# TASK TO CARRY OUT
The finished copy should hold every entry exactly as given, and no pictures.

# PROVIDED ENTRIES
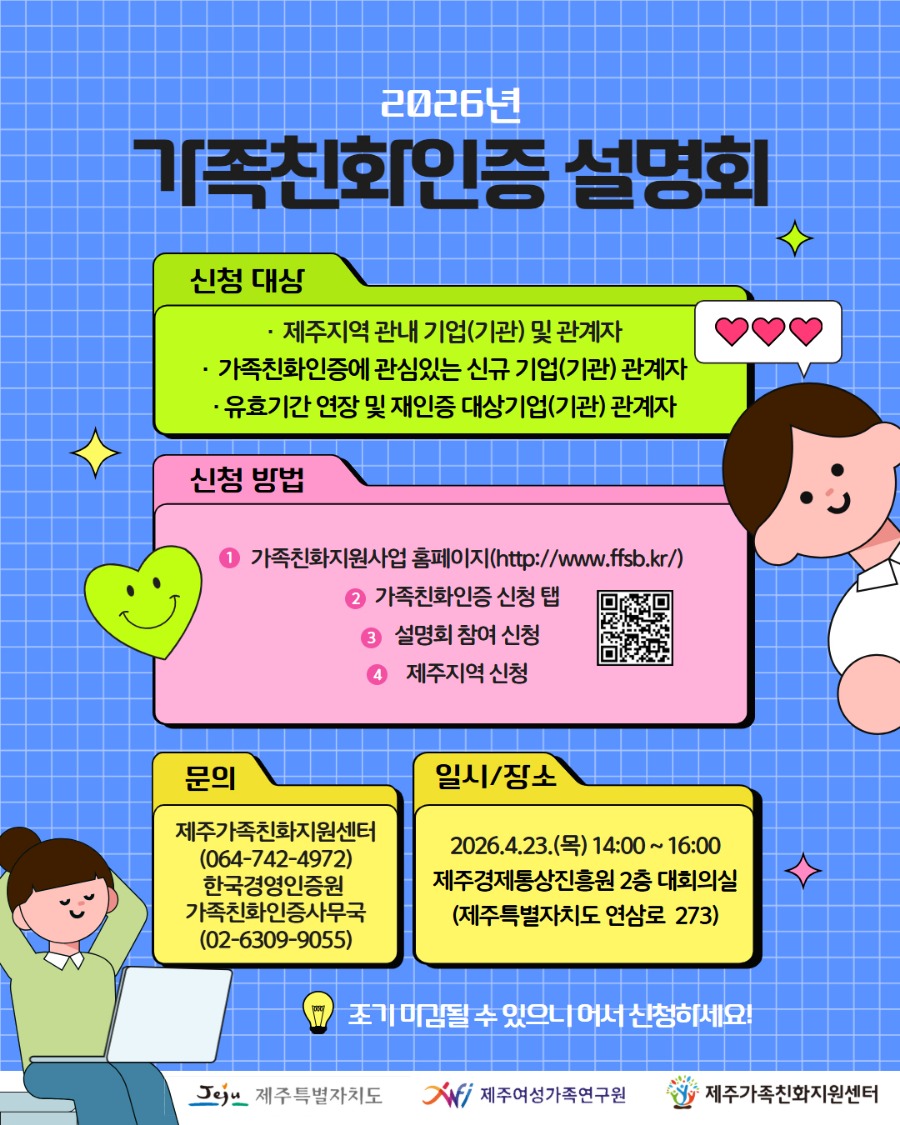 2026년 가족친화인증 설명회 포스터.jpg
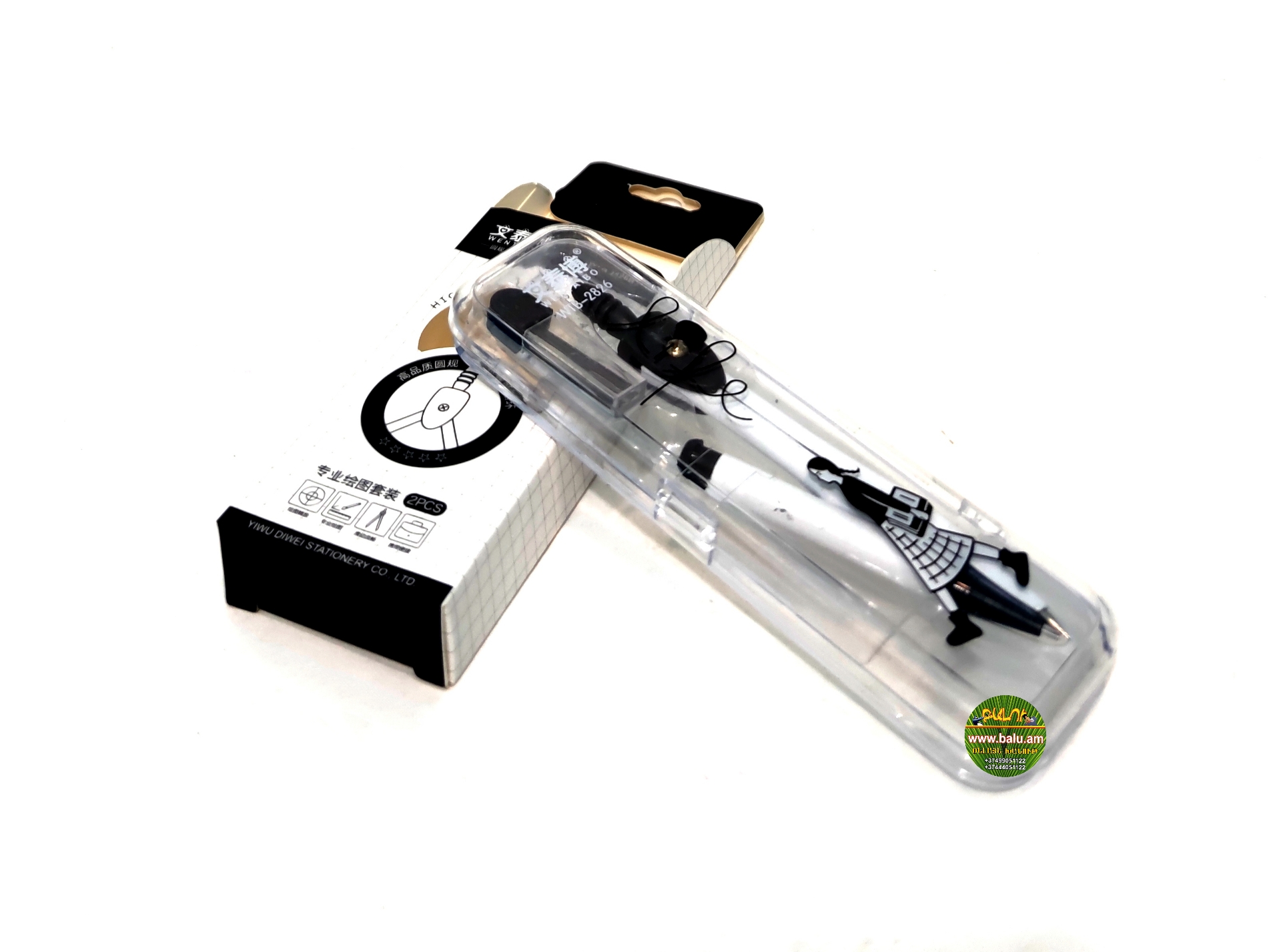 Polish_20211009_111916654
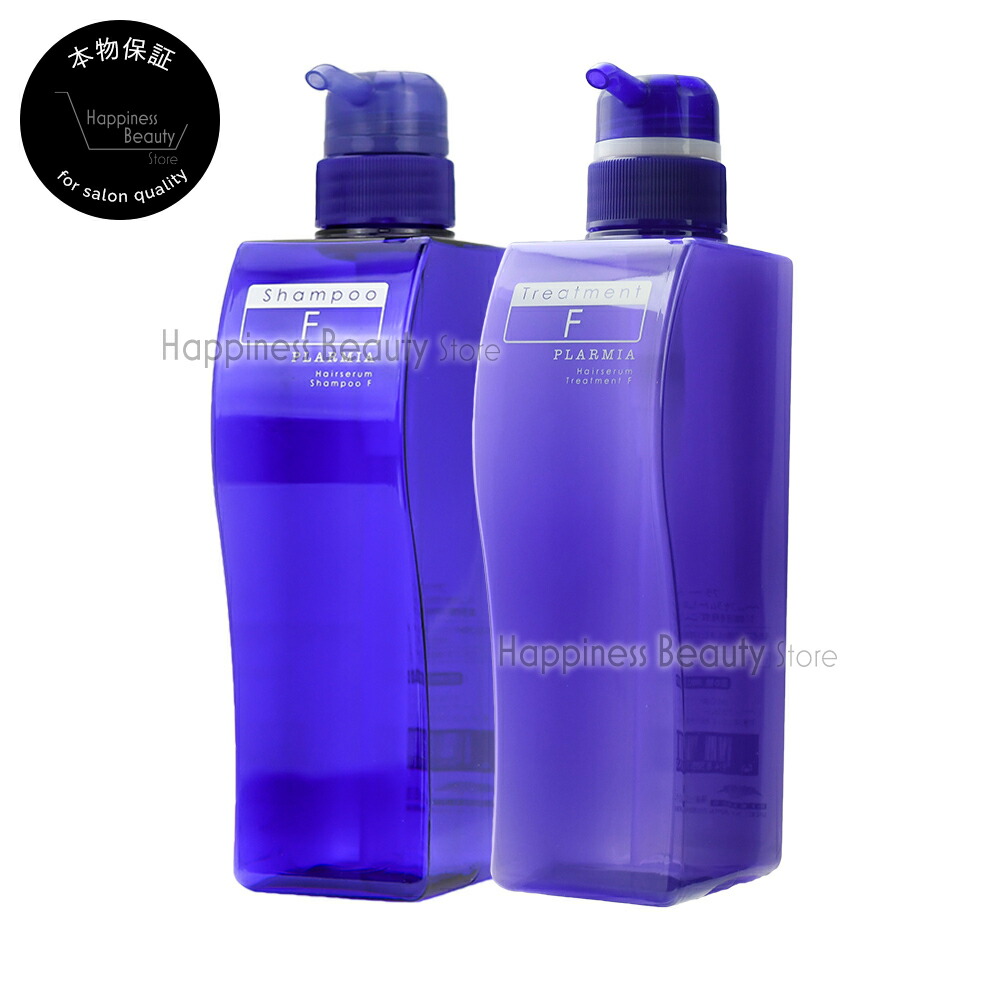 楽天市場】【送料無料(本州・四国限定)】 ミルボン プラーミア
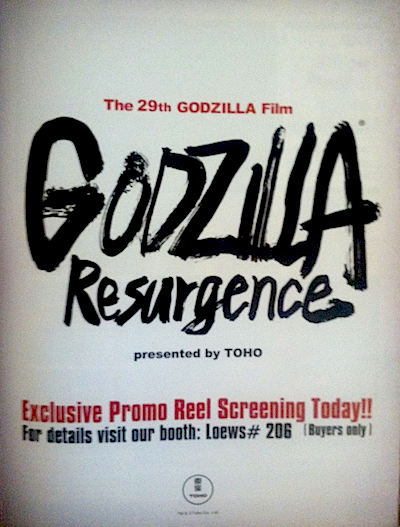 AFM%252520Godzilla%252520Resurgence%252520Blog.png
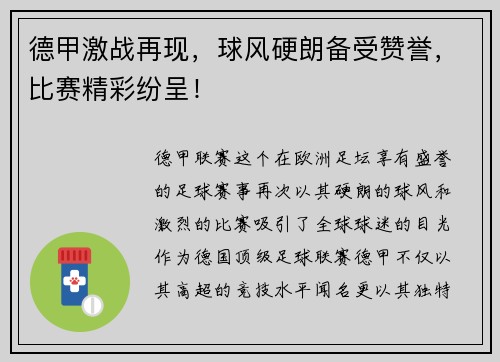 德甲激战再现，球风硬朗备受赞誉，比赛精彩纷呈！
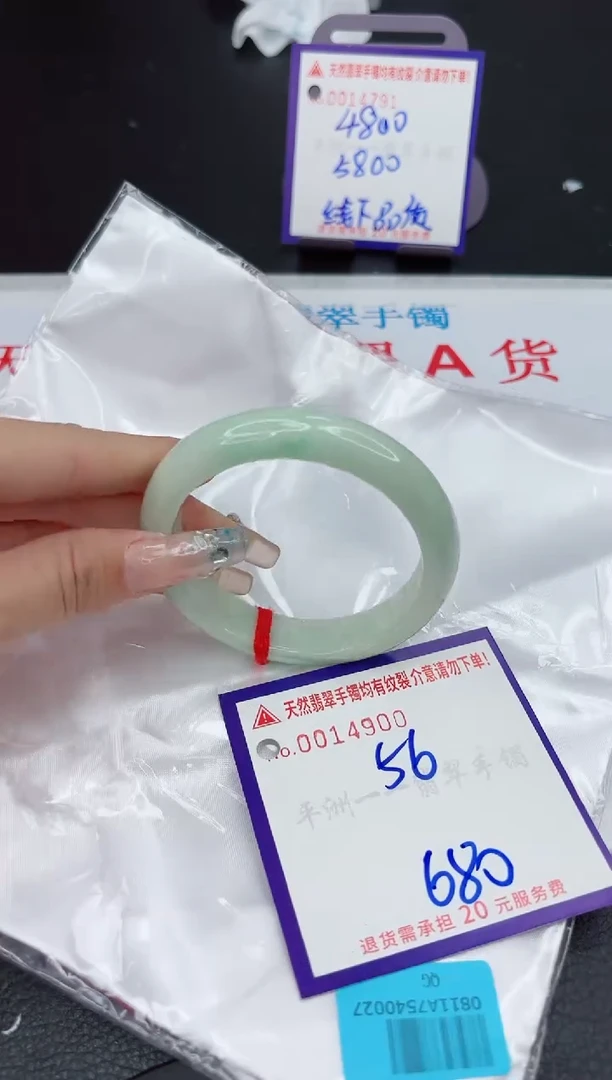 【闪购商品】翡翠手镯未镶嵌11111111111111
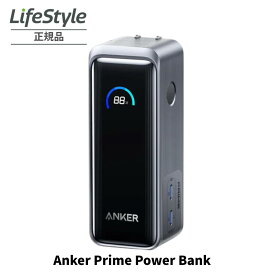 Anker Prime Power Bank (9600mAh, 65W, Fusion) | アンカー モバイルバッテリー 9600 - アンカーモバイルバッテリー アンカー パワーバンク プライムパワーバンク アンカー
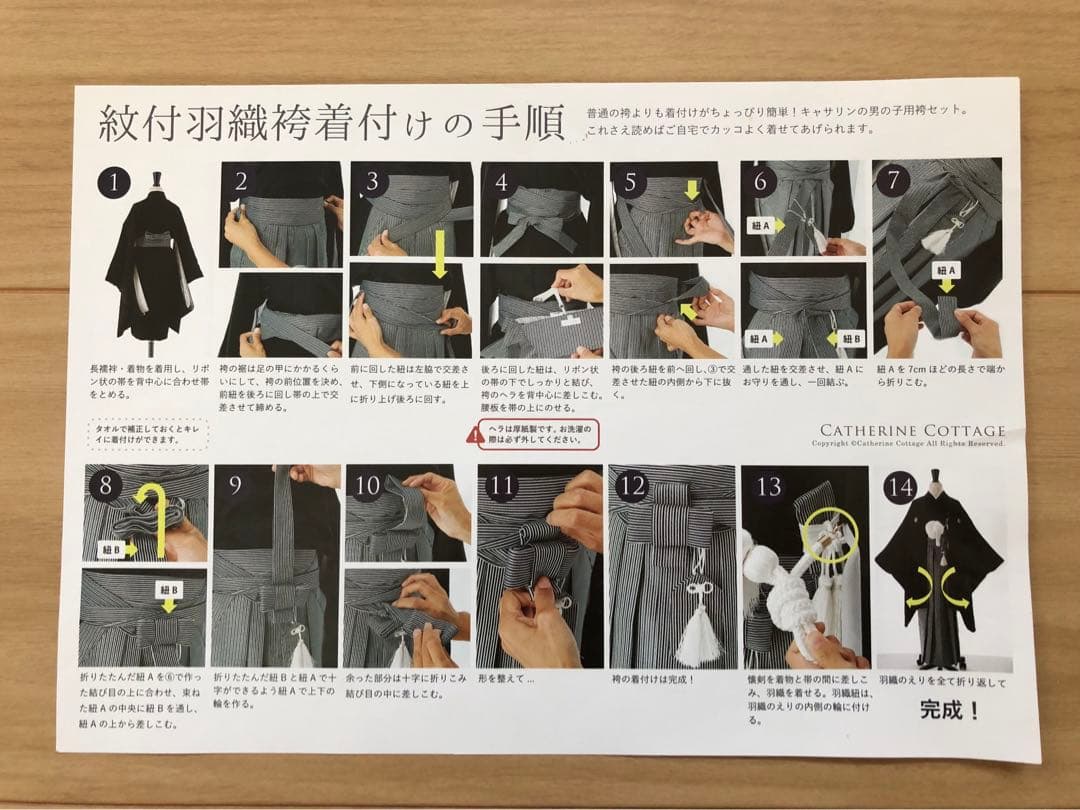 キャサリンコテージ 紋付羽織袴セット 150㎝ 男の子 卒業式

# RESULT FOR THIS TASK
 2026년 가족친화인증 설명회 포스터.jpg
 Polish_20211009_111916654
 楽天市場】【送料無料(本州・四国限定)】 ミルボン プラーミア
 AFM%252520Godzilla%252520Resurgence%252520Blog.png
 德甲激战再现，球风硬朗备受赞誉，比赛精彩纷呈！
 【闪购商品】翡翠手镯未镶嵌11111111111111
 Anker Prime Power Bank (9600mAh, 65W, Fusion) | アンカー モバイルバッテリー 9600 - アンカーモバイルバッテリー アンカー パワーバンク プライムパワーバンク アンカー
 キャサリンコテージ 紋付羽織袴セット 150㎝ 男の子 卒業式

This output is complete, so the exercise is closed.